SUPPLIED DATA:
###
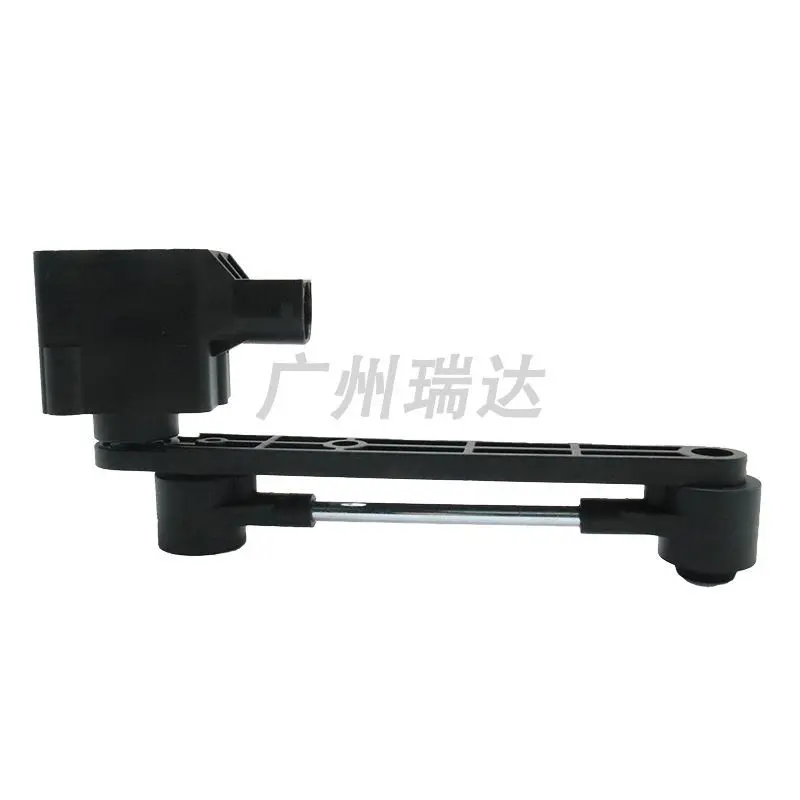 

Датчик высоты автомобиля RQH 100030 для моделей Range Rover Discovery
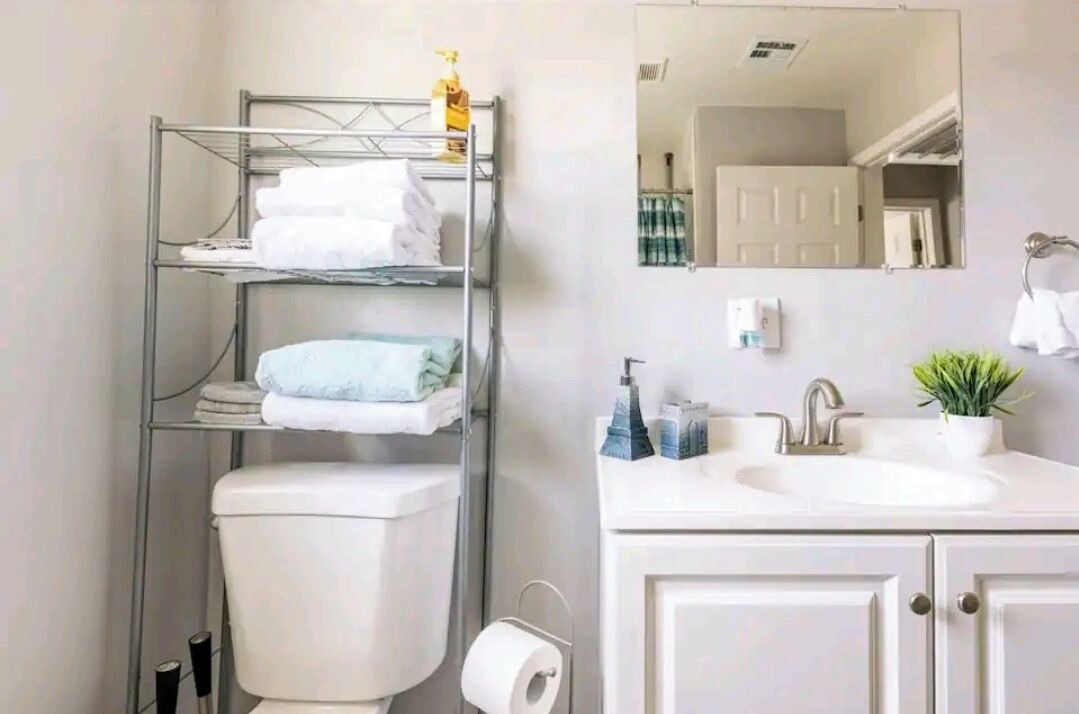 Photo of Bathroom in Oildale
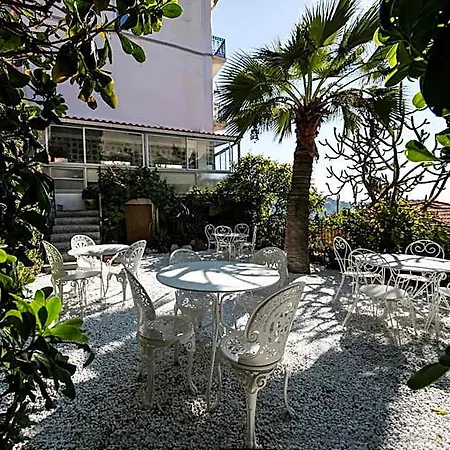 Hotel De Charme Regency Roquebrune-Cap-Martin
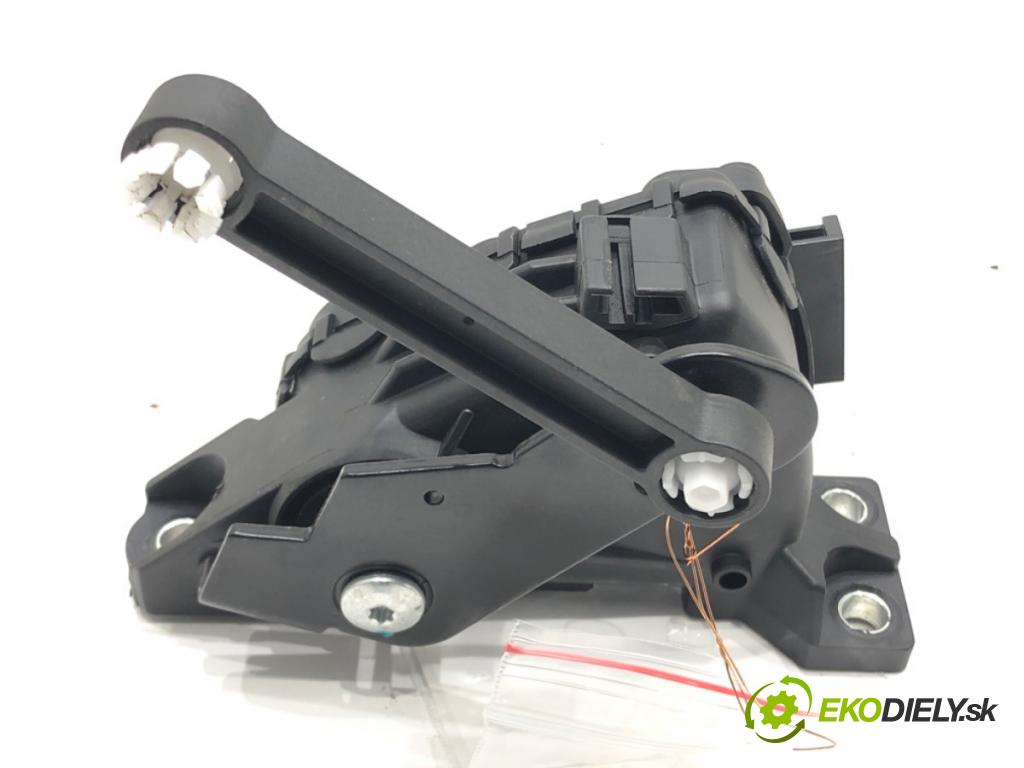 RENAULT KANGOO (KC0/1_) 1997 - 2022    1.5 dCi 50 kW [68 KM] olej napędowy 2005 - 2022  Potenciometer plynu TSN04N0504 (Pedál)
###
PROBLEM TO WORK ON: I'd like the material above repeated exactly, with the pictures omitted.

TASK OUTPUT:
Датчик высоты автомобиля RQH 100030 для моделей Range Rover Discovery
 Photo of Bathroom in Oildale
 Hotel De Charme Regency Roquebrune-Cap-Martin
 RENAULT KANGOO (KC0/1_) 1997 - 2022    1.5 dCi 50 kW [68 KM] olej napędowy 2005 - 2022  Potenciometer plynu TSN04N0504 (Pedál)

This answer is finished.